Do electric vehicles really make a difference in a country like India, where most of the electricity is generated from burning coal?
The idea to move towards Electrification in mobility is to do with oil imports. India is one of the largest importers of oil. Secondly, CO2 emission will come down considerably because of electrification, which is the need of the hour for our crowded cities. Electrification does not necessarily mean pure electric vehicles. The hybrid technology reduces emissions significantly in the typical STOP-n-GO traffic conditions in cities.
Moving forward, even in 2020 the bulk of electricity produced in India would be coal based around 50%+.However with the electricity production planned by the Energy Mission there is emphasis on renewable energy like Wind and Solar. This would definitely change the situation and would still make sense to go for pure electric, which can be charged when the load on the grid is low (say at night).
Mahindra has been trying for years to bring in a change in the mind set of buyers. But they are falling short, even in major cities where buyers are concerned about the environment. Why do you think buyers are not ready to accept electric cars in India?
For Indian consumers the electric car does not provide a good value proposition as a first car. Majority of Indians are either have single car or in the process of buying one.
General perception on Mahindra Reva, is that it is an underperforming and overpriced car. With the subsidies that have been announced we see an increase in sales & I am sure with volumes growing, there would definitely be a possibility for the prices to drop and people buying electric cars for at least the 2nd car.
Considering the high number of 2/3 wheelers, focus for electrification must be for these vehicles, wherein the sheer volumes would justify the investments to produce these at lower prices. For example in China in cities like Shanghai it is prohibited to drive IC-engine based 2W.
What are the first steps India should take in order make it friendly to electric cars?
The very first step is to invest on storage technology. For example, local manufacturing of Lithium ion Batteries to reduce costs.
Second is to create ‘charging infrastructure’ in all public parking lots with seamless payment options.
Give incentive for EV buyers to bring down the value vs. cost proposition.
Create increased awareness on emissions and create specialized zones which allow only electric/ hybrid vehicles to ply.
Offer cost vs. performance value propositions starting with low voltage range hybrids (48V to 100V) systems and move towards high voltage (400V).
Is Robert Bosch India conducting research on electric vehicles and systems?
Bosch in India is contributing to the global eMobility development initiatives of Bosch since 2008 in terms of SW and system development in areas like battery systems, inverter control, electrical machine design analysis and validation. There is a range of products which have been developed out of India for global markets and this technology is available to be introduced into the Indian market. We are in discussions with OEMs to supply these systems. We can further work on localizing such products and scaling down to suit the local requirements.
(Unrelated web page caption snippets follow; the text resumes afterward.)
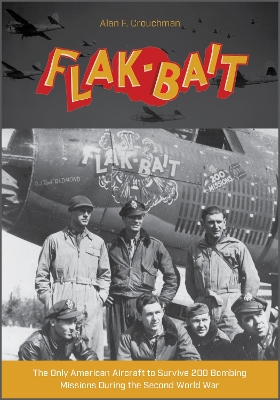 B-26 “Flak-Bait”: The Only American Aircraft to Survive 200 Bombing Missions during the Second World War book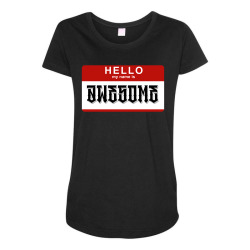 Hello my name is awesome Maternity Scoop Neck T-shirt | Artistshot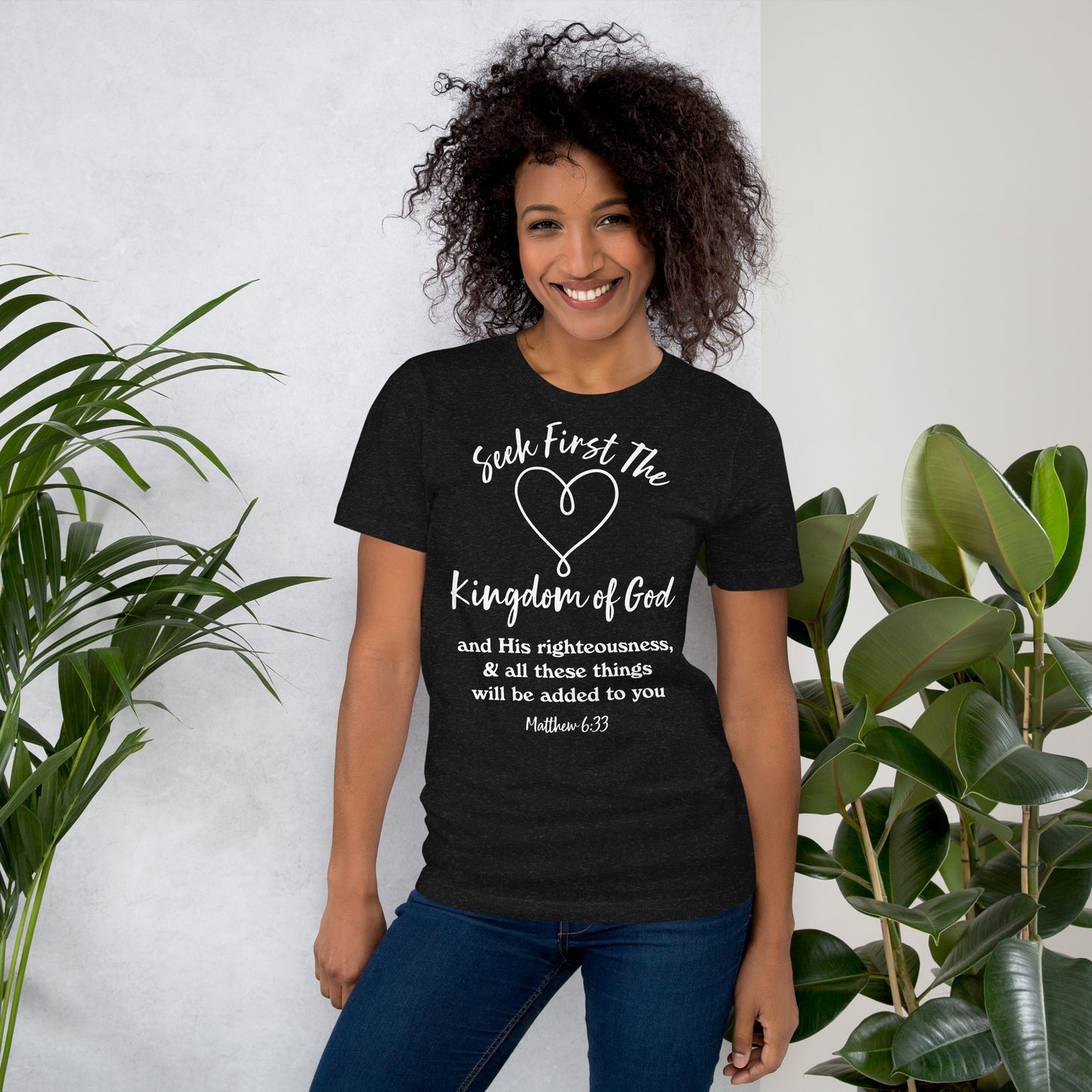 Seek First the Kingdom of God Matt 6:33 Unisex t-shirt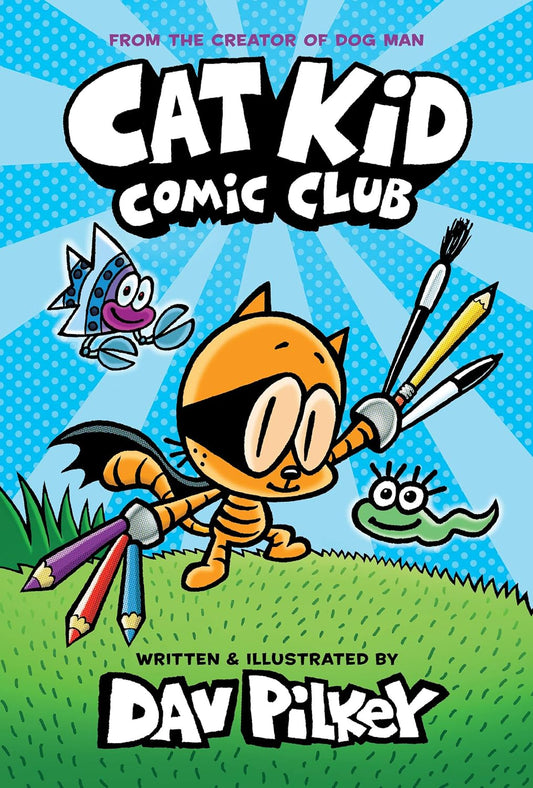 Cat Kid Comic Club: A Graphic Novel (Cat Kid Comic Club 1): From the Creator of Dog Man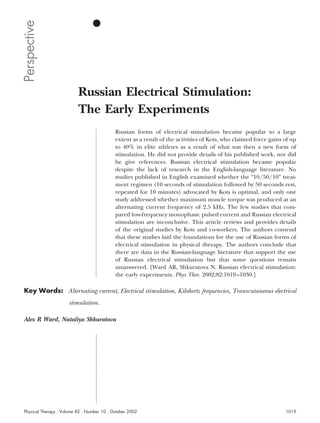 Perspective



                          Russian Electrical Stimulation:
                          The Early Experiments
                                            Russian forms of electrical stimulation became popular to a large
                                            extent as a result of the activities of Kots, who claimed force gains of up
                                            to 40% in elite athletes as a result of what was then a new form of
                                            stimulation. He did not provide details of his published work, nor did
                                            he give references. Russian electrical stimulation became popular
                                            despite the lack of research in the English-language literature. No
                                            studies published in English examined whether the “10/50/10” treat-
                                            ment regimen (10 seconds of stimulation followed by 50 seconds rest,
                                            repeated for 10 minutes) advocated by Kots is optimal, and only one
                                            study addressed whether maximum muscle torque was produced at an
                                            alternating current frequency of 2.5 kHz. The few studies that com-
                                            pared low-frequency monophasic pulsed current and Russian electrical
                                            stimulation are inconclusive. This article reviews and provides details
                                            of the original studies by Kots and co-workers. The authors contend
                                            that these studies laid the foundations for the use of Russian forms of
                                            electrical stimulation in physical therapy. The authors conclude that
                                            there are data in the Russian-language literature that support the use
                                            of Russian electrical stimulation but that some questions remain
                                            unanswered. [Ward AR, Shkuratova N. Russian electrical stimulation:
                                            the early experiments. Phys Ther. 2002;82:1019 –1030.]

Key Words: Alternating current, Electrical stimulation, Kilohertz frequencies, Transcutaneous electrical
                     stimulation.

Alex R Ward, Nataliya Shkuratova




Physical Therapy . Volume 82 . Number 10 . October 2002                                                           1019
 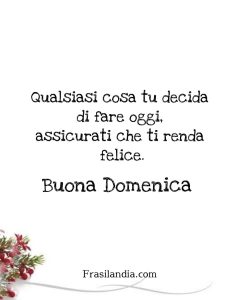 Qualsiasi cosa decidi di fare oggi, assicurati che ti renda felice. Buona Domenica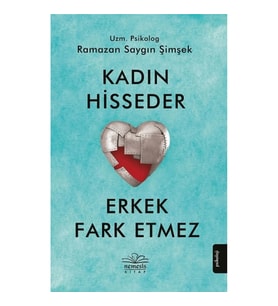 Kadın Hisseder Erkek Fark Etmez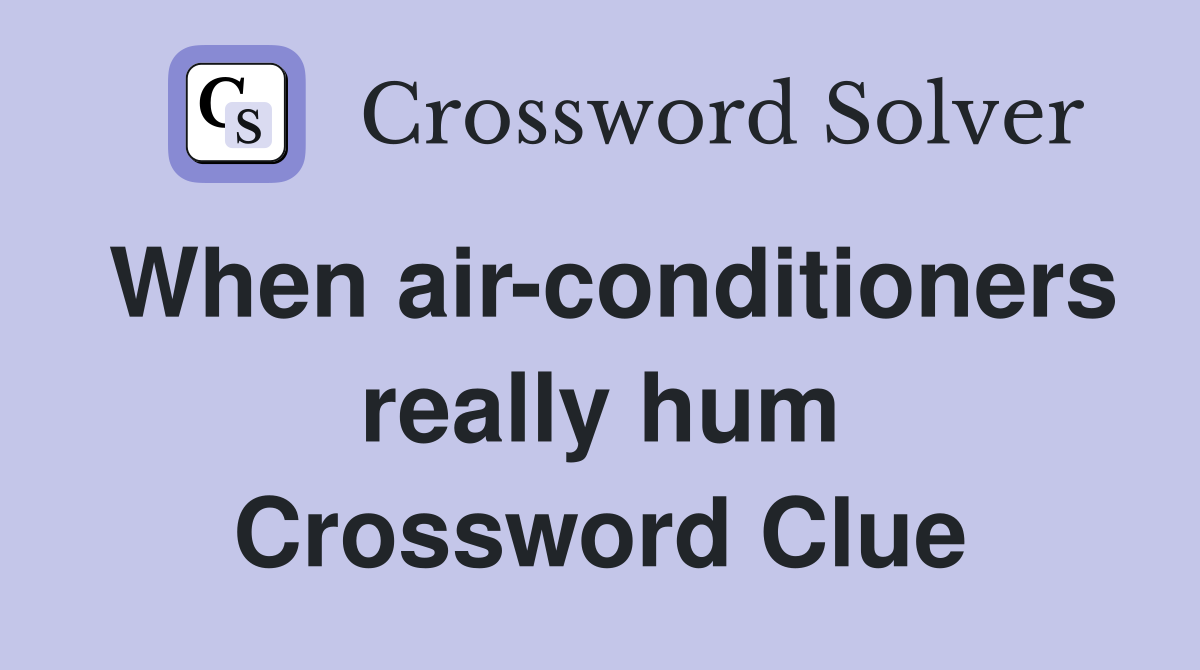 When air-conditioners really hum Crossword Clue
Acceptance of EV, especially in India is going to be gradual process. So low cost mild hybrid systems for small cars seem to be a good starting point. Is Bosch having a product/technology that could initiate the progress towards cleaner yet affordable cars in India?
Bosch has established a special project house to develop solutions in the area of light eMobility where different divisions of Bosch work together to create small-car solutions. These are BRS (Brake Recuperation Systems), which are becoming popular in the rest of the world and this technology is being made available for India too.
If such a mild hybrid technology is at Robert Bosch’s disposal, what sort of systems are we looking at? And what are their benefits compared to a regular IC engine car?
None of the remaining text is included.